And, in a double-whammy, the carrier has also seen nine ships, amounting to nearly 100,000 teu, returned from its former 2M partners, according to new research from Alphaliner.
As part of a cooperation agreement signed in 2017, 2M partners Maersk and MSC had chartered the vessels – three of 13,100 teu and six of 10,100 teu – to deploy on their Asia-Europe and transpacific strings, chartering slots back to HMM.
The agreement ended in April and HMM joined THE Alliance as a full member.
Alphaliner said today: “Not only did HMM have to redeploy these ships during the second quarter, but it also took charge of the first in a series of 12 24,000 teu newbuildings.

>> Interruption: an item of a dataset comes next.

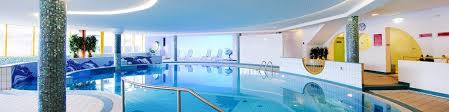 Http Www Hotel Perner At Alpenhotel Perner Mit Wellness Spa Bereich In Obertauern Luxusschwimmbader Hallenbader Hauser Mit Pool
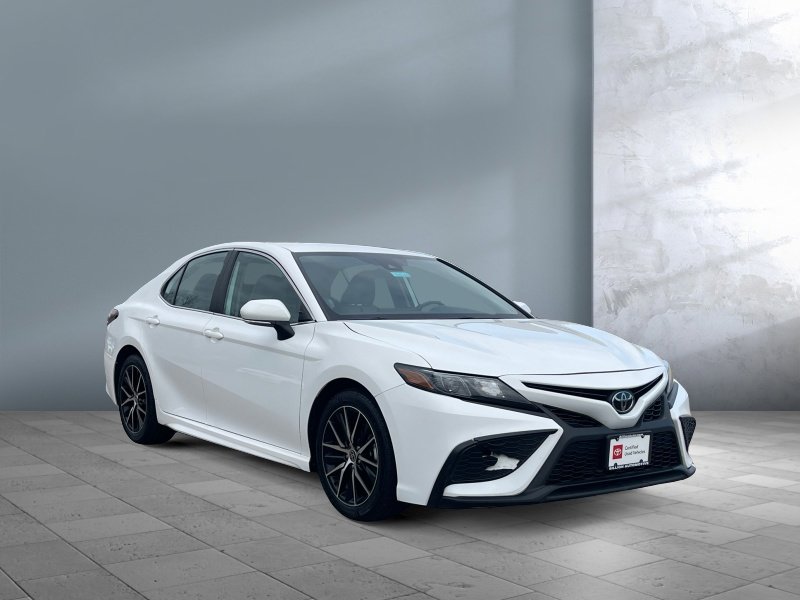 Certified 2023 Toyota Camry SE w/ Cold Weather Package FWD image 8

“Four had already been delivered by mid-June and are trading between Asia and North Europe, where HMM can fill them with the help of its new partners in THE Alliance.”
As a result, HMM’s operated fleet capacity has grown by a massive 42% since the beginning of the year, taking its total fleet to nearly 552,000 teu and pushing it past Yang Ming to become the world’s eighth-largest box carrier.

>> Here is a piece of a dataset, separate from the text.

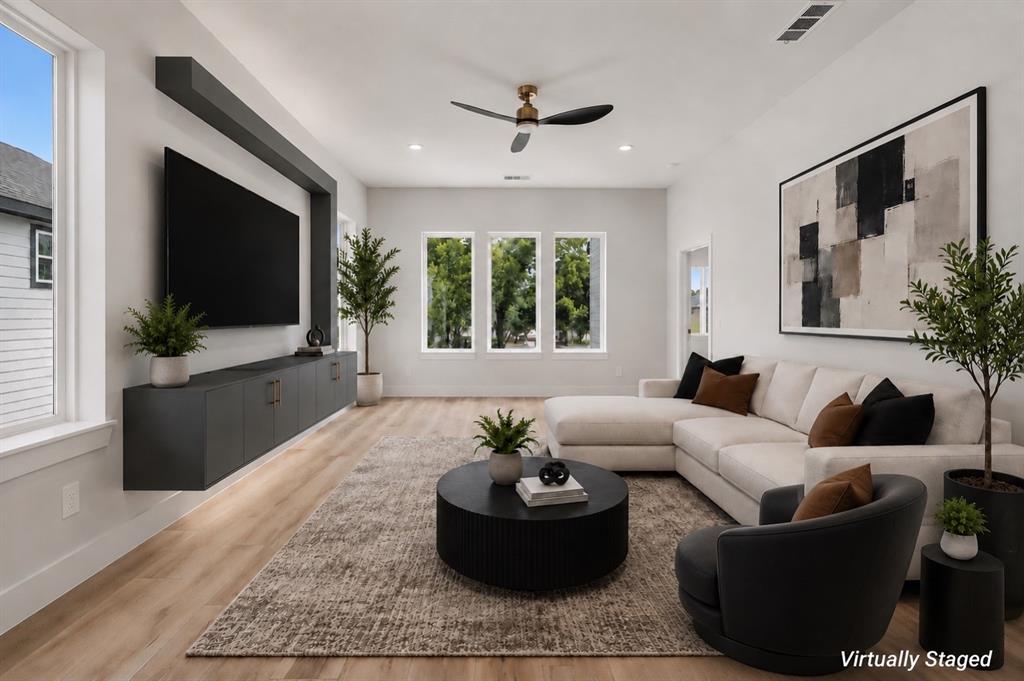 3914 Harlingen Street Property Photo 1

“The steep fleet size increase had already led to vessel cascading at HMM and it has forced the carrier to idle ships,” said Alphaliner. “The Seoul-based shipping line also decided to ‘use the occasion’ of having surplus tonnage to install scrubbers on a number of 13,100 and 8,600 teu ships.
“Of note, a massive 33% of HMM’s fleet was recorded as inactive at the end of May. The inactive share is, however, down to 20% today as vessels have been returning to active service at a fast pace.”
The rest of the 12 largest carriers have all reduced capacity across their fleets this year. Maersk has seen the largest overall decline in capacity, removing 236,000 teu across 55 ships, reducing its share of total global capacity from 17.8% to 16.6%.
In terms of percentage reduction, the largest was Taiwanese carrier Wan Hai, which reduced its slot capacity by 14% by redelivering chartered vessels, and cash-strapped PIL, forced to sell six 11,923 teu vessels, reducing its capacity by 10.2%.
At the other end of the scale, Hapag-Lloyd has reduced its capacity by just 0.2%, and CMA CGM by 1%.
However, Alphaliner concludes that Maersk executives are unlikely to be worried by its declining market share.
“The capacity reduction fits the company strategy to focus more on logistics and not expand its liner fleet any further. The decision not to follow the example of carriers which ordered ‘megamax 24’ ships will certainly not be regretted at the Copenhagen headquarters in these challenging times of reduced cargo demand,” it said.